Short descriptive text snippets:
——

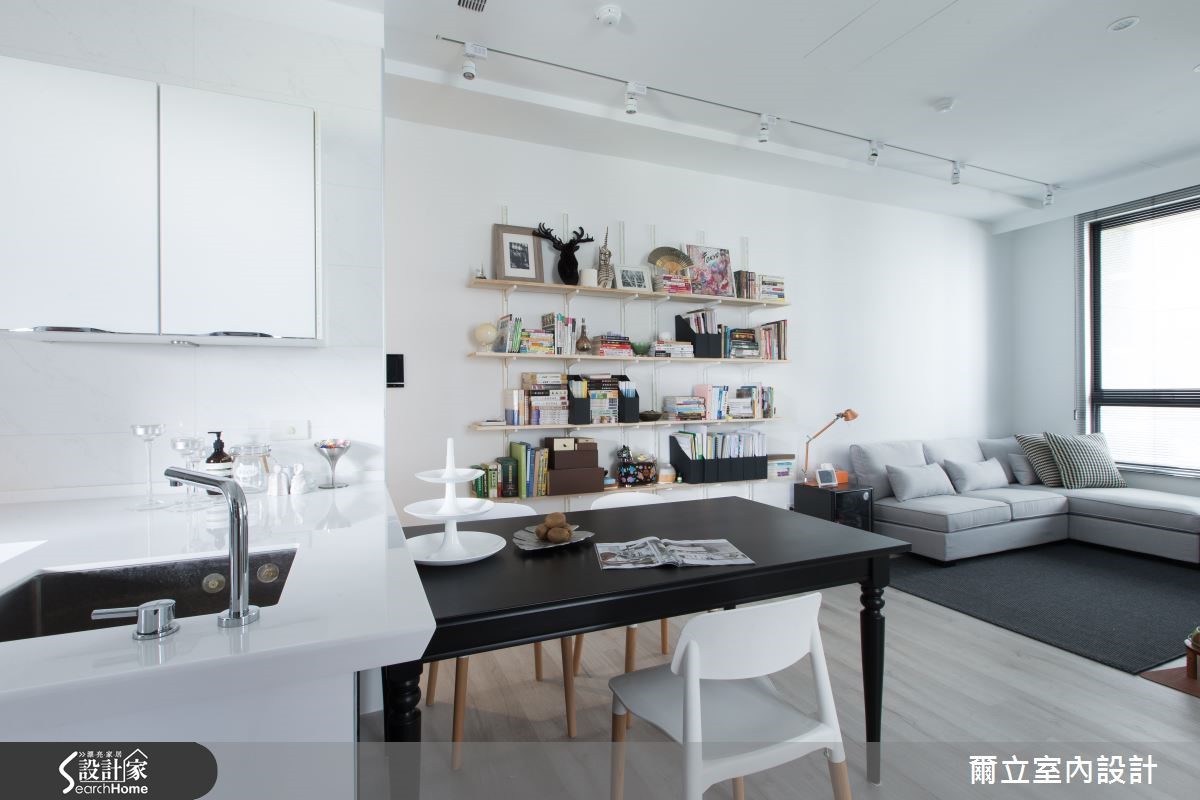 调配采光不做隔断，50平小户型也宽敞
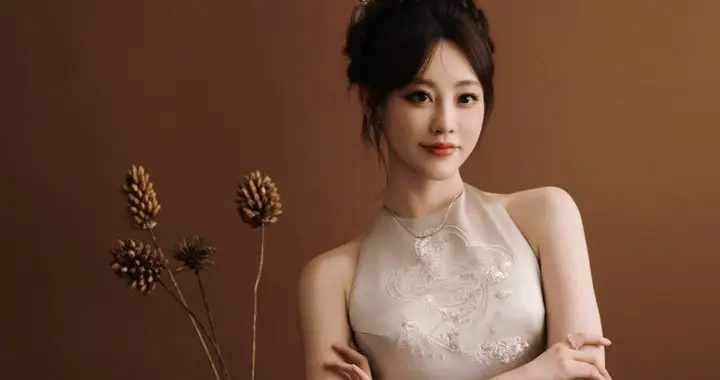 祝绪丹穿露背旗袍亮相！身段玲珑，古典韵味太勾人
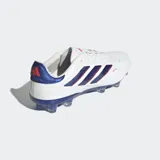 Championes de fútbol Adidas Copa Pure 2 Elite, color blanco con detalles en azul y rojo.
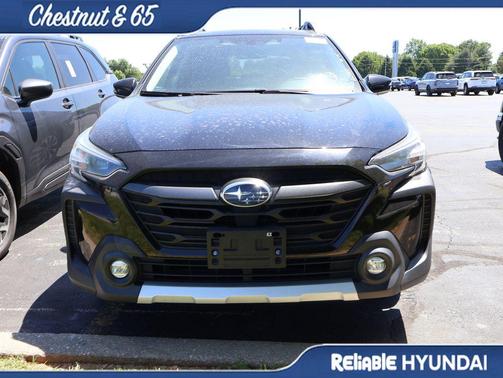 Crystal Black Silica 2023 Subaru Outback Limited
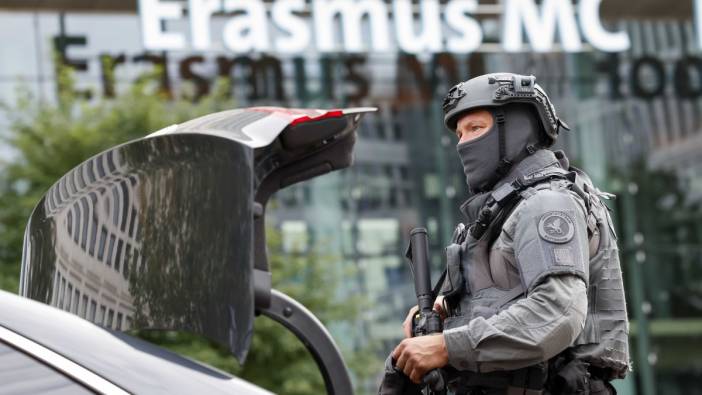 Hollanda’da hastaneye düzenlenen silah saldırıda 2 kişi öldü
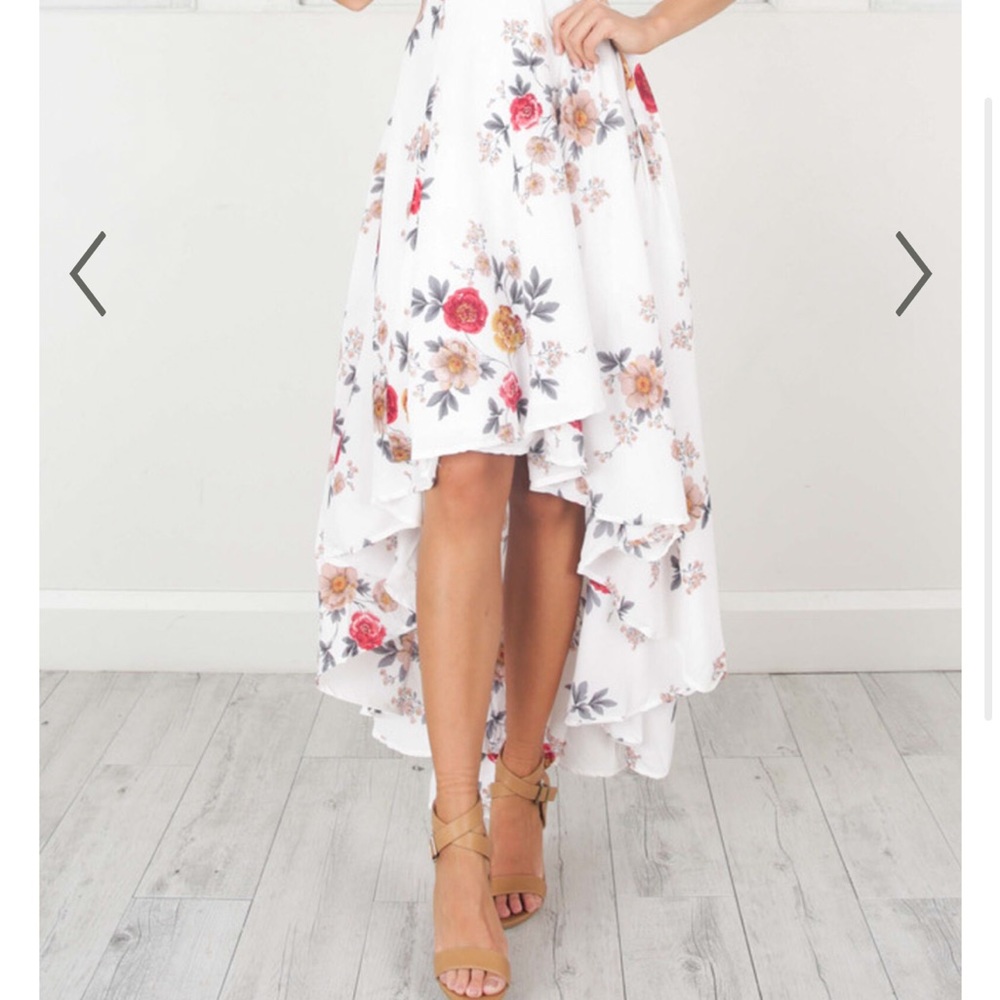 NWT SHOWPO OCEAN AVENUE DRESS IN WHITE
FLORAL, SIZE LARGE - Picture 9 of 12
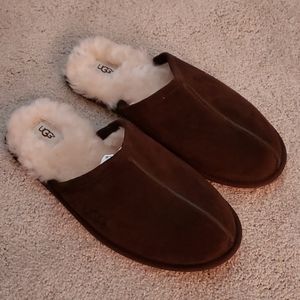 NWT mens UGG slippers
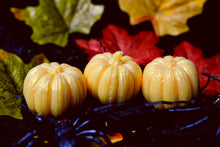 Load image into Gallery viewer, 3D Pumpkin Wax Melts (Buttery Pumpkin Pie Scent). Soy Pumpkin Wax Melts 
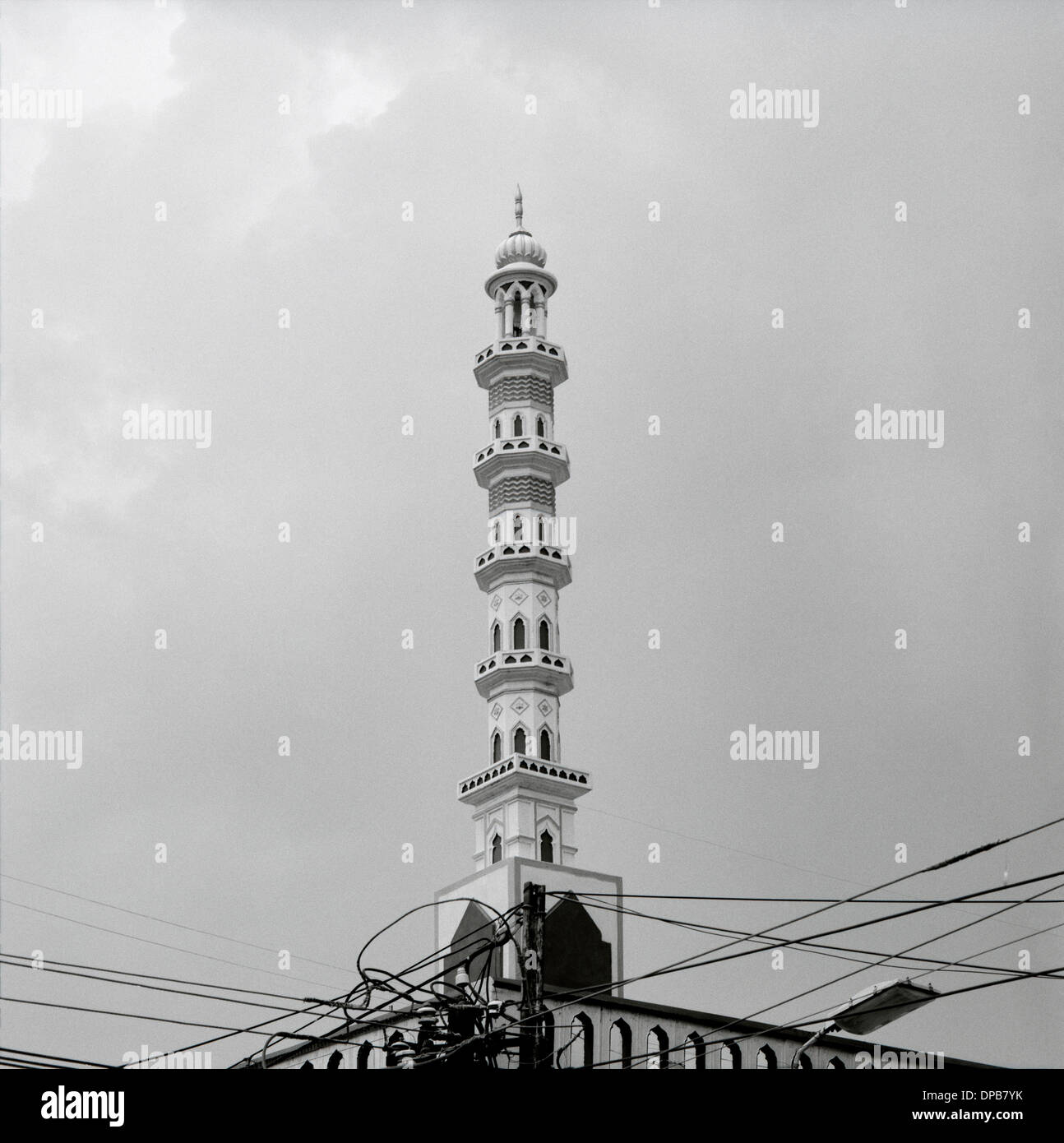 Reisen Fotografie - Moschee Minarett in Udaipur in Rajasthan in Indien in Südasien. Islamische muslimische Architektur Gebäude Stockfoto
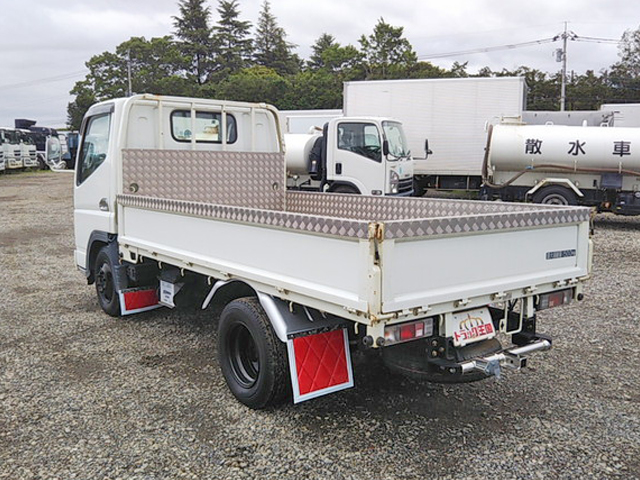 三菱ふそうキャンターガッツ平ボディ小型（2t・3t）[写真04]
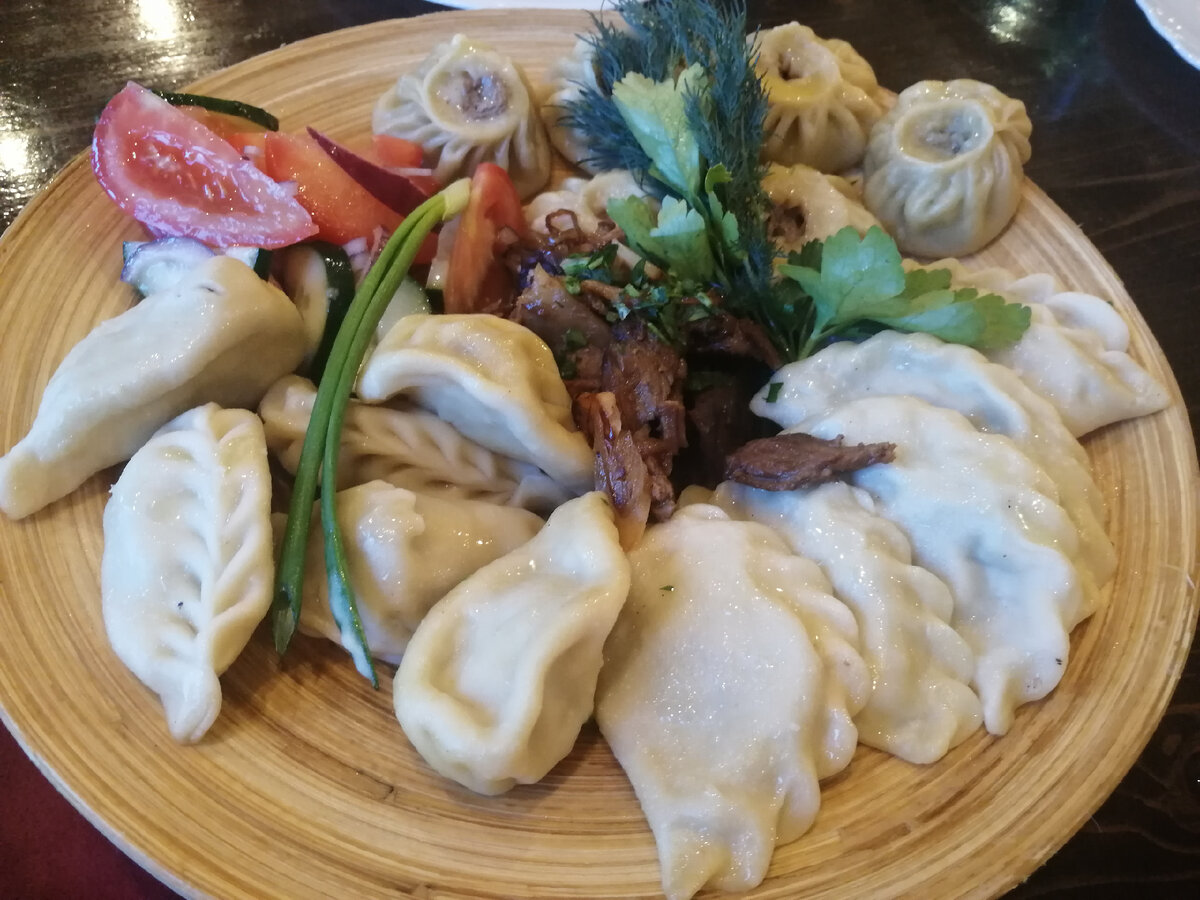 Сет калмыцких блюд в ресторане "Калмыцкая кухня №1" (Элиста). Фото Светы Давыдовой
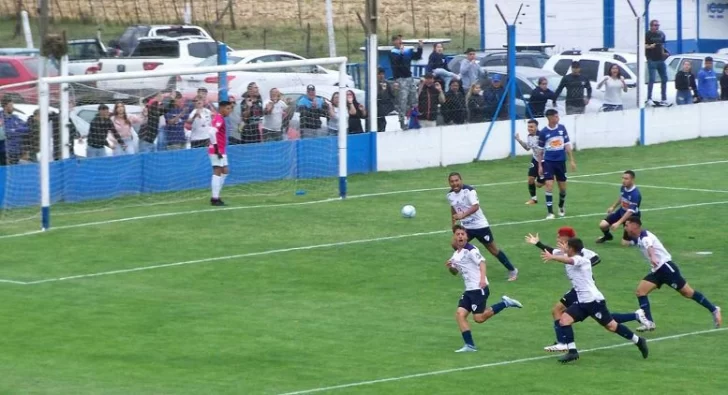 Independiente SC juega por las semifinales del regional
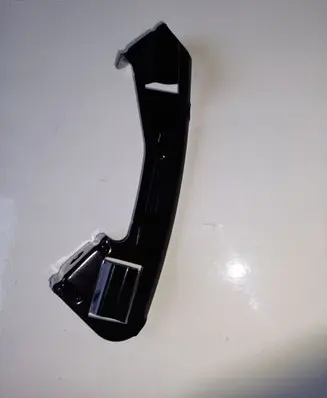 Hyundai Accent Front bumper mounting bracket 865831E000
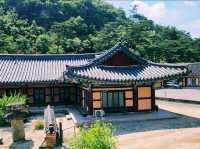 The Unjusa 운주사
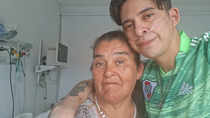 Rodrigo junto a su mamá. Rodrigo junto a su mamá.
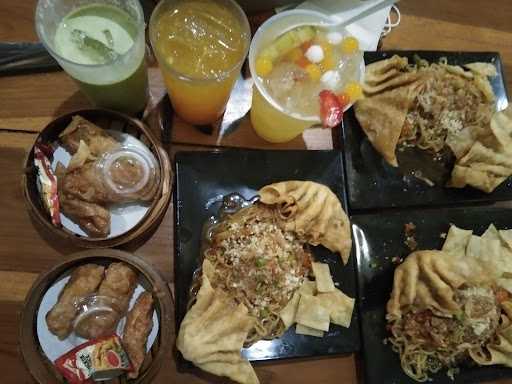 Mie Gacoan - Dago Bandung 5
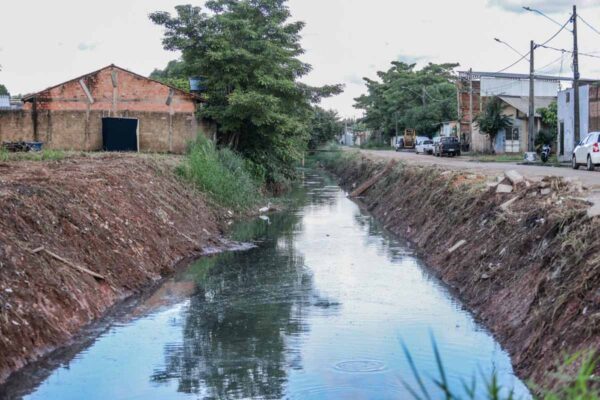 Limpeza de canais ultrapassa 22 mil metros e reforça combate a alagamentos em Porto Velho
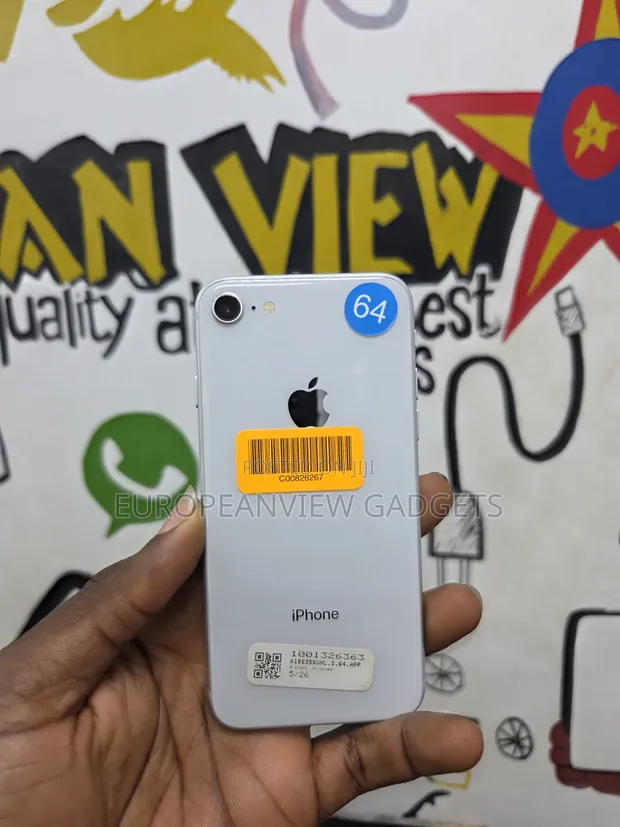 Apple iPhone 8 64GB White - 1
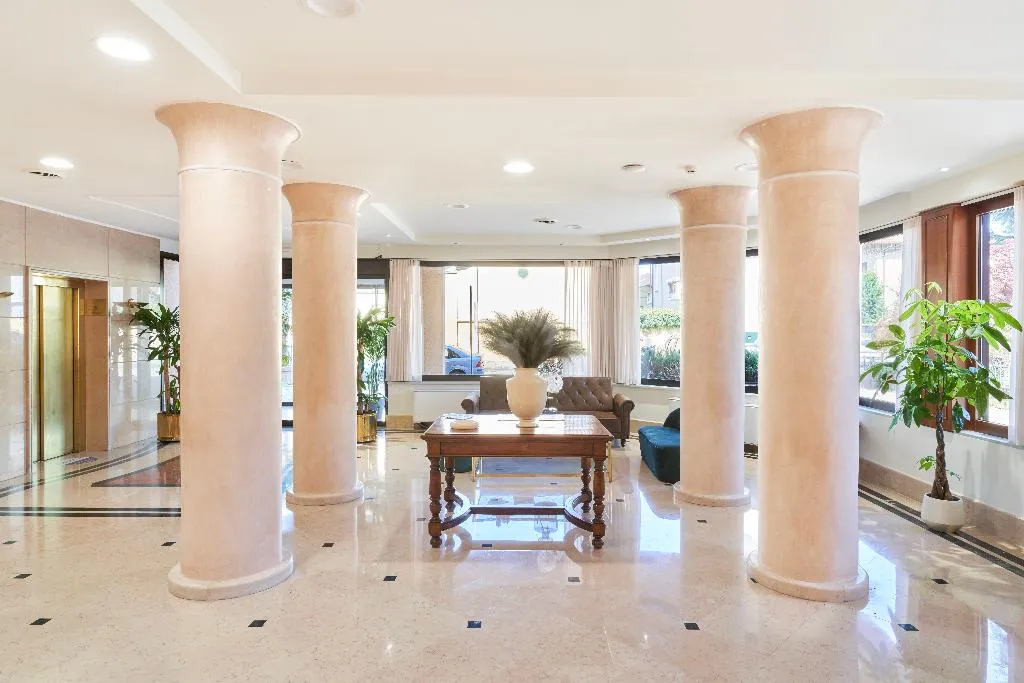 Lobby, Cyrano, Milan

——

What to produce: Quote precisely the lines of the data from the line containing "Limpeza de canais" through its final line, both included, excluding pictures.

Your solution:
 Limpeza de canais ultrapassa 22 mil metros e reforça combate a alagamentos em Porto Velho
 Apple iPhone 8 64GB White - 1
 Lobby, Cyrano, Milan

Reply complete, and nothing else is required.